• **Exercise details**
When you copy the data, keep every line exactly as written and skip the pictures.

• **Data extract**
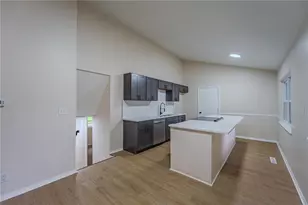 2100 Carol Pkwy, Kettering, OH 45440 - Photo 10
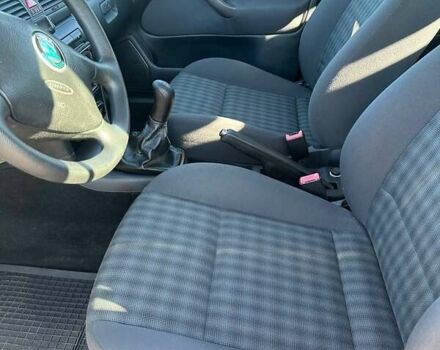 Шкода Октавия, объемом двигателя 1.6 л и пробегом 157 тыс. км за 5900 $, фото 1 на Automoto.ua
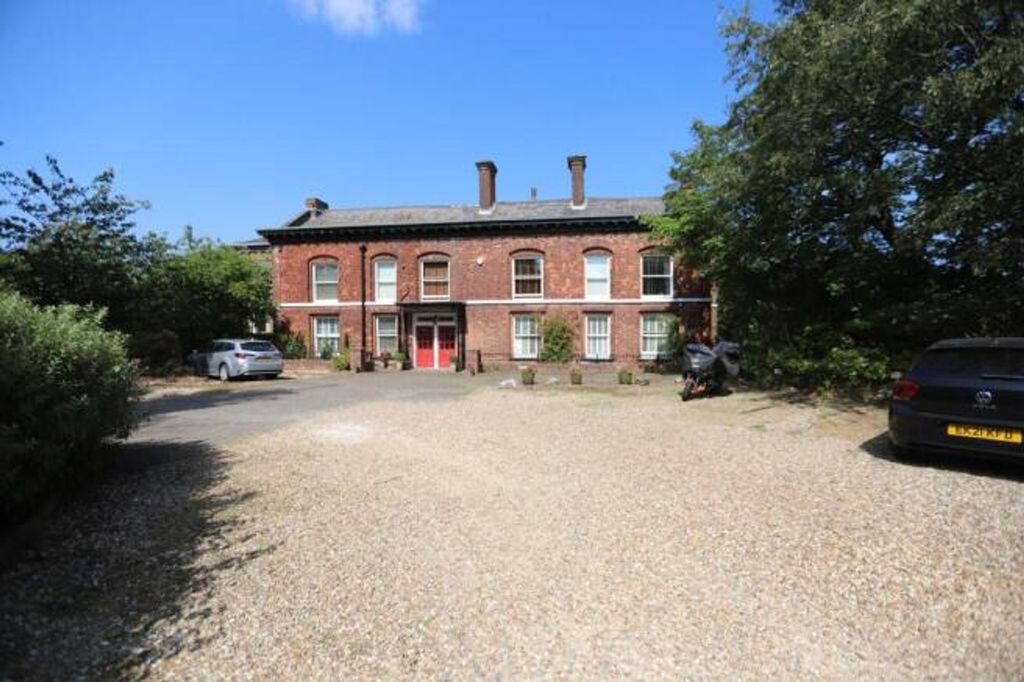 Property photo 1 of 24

• **Result of this task**
 2100 Carol Pkwy, Kettering, OH 45440 - Photo 10
 Шкода Октавия, объемом двигателя 1.6 л и пробегом 157 тыс. км за 5900 $, фото 1 на Automoto.ua
 Property photo 1 of 24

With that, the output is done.